Data science is very growing field and a lot of new people are interested in this field. However, there are some common mistake which any amateur data scientist can make.
- Jumping to the Solution:- In real world the data science is 20% about the solution and 80% about the data. First you must give time to understand the data. You should try to ask all the doubts related to data and once you have the enough understanding of the data you should proceed next.
2. Not Cleaning the data:- The data given in the classroom environment is mostly clean while the same is not the case in the real world. You should assume that the data provided to you is not clean. You must clean the data before applying any machine learning algorithm
3. Not understanding the business:- Understanding the business requirement is mort important. You can create a model which is 100% accurate but it is not fulfilling the requirement of business the model is of no use.

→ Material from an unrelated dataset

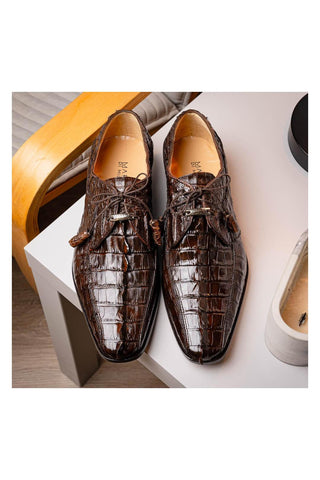 Marco Di Milano Cancun Brown Hornback Crocodile Skin Derby (MDM1003)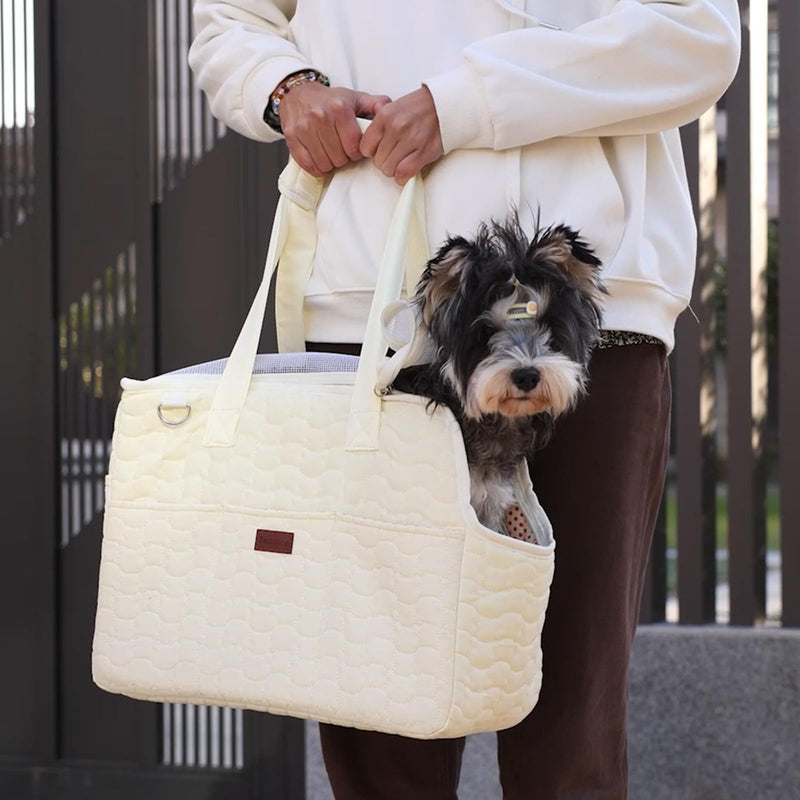 Small Dog Carriers Purse Bag,Gray,Recommand for Gentle/Lazy Adult Pets,Cats,Fashion Womans Totes Style Lightweight Pups Kitties Bunny Go to Vet Picnic Outdoor Gray - PawsPlanet Australia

4. Creating Complex Visualization:- There is difference between exploratory and explanatory analysis. You can create complex visualization while doing exploratory analysis. However, you should create very simple visualization when you want to explain to general audience.
5. Explainable vs Accurate Model:- The business prefers explainable model with decent accuracy. A model with high accuracy but not explanation is not preferred in comparison to the model with high explainability and decent accuracy.
6. Not thinking about Laws:- Always remember the law of land is supreme. The model created based on the past data always carry the bias of history (Black vs White). You must remember to remove the biasness from your model.
7. Too Big Model:- The model created by the data scientist has to go to production. The production environment always has limited compute and any delay in getting the result may deteriorate the experience of the end user.
8. Working in Silos:- As a data scientist the communication is very important. You have to communicate with data engineer, software engineer, business analyst and end consumer. Communication plays a key role in real world data science project.